» Your task: Using the data that follows, return exactly the lines from the one that contains "Used Volvo XC60" through the one that contains "深圳明通化妝品批發(fā)市", ends included.

» Record set:

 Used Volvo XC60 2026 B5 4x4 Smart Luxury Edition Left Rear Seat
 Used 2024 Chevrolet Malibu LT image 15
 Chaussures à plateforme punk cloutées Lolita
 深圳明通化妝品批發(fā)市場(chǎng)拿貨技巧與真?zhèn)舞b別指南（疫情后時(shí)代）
--
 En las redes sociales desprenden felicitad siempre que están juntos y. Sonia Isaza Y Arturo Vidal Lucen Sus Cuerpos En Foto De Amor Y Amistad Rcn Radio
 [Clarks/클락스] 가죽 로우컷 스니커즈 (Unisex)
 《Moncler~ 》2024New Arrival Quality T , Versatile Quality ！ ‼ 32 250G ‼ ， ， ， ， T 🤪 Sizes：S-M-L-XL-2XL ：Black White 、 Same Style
---
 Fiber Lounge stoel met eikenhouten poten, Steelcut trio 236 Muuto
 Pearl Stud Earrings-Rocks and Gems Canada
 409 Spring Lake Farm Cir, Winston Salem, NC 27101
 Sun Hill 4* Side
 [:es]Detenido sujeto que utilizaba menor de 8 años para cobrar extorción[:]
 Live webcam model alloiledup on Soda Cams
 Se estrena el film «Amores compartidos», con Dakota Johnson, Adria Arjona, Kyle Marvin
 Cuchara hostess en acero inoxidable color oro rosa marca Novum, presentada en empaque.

» Reply:
 Used Volvo XC60 2026 B5 4x4 Smart Luxury Edition Left Rear Seat
 Used 2024 Chevrolet Malibu LT image 15
 Chaussures à plateforme punk cloutées Lolita
 深圳明通化妝品批發(fā)市場(chǎng)拿貨技巧與真?zhèn)舞b別指南（疫情后時(shí)代）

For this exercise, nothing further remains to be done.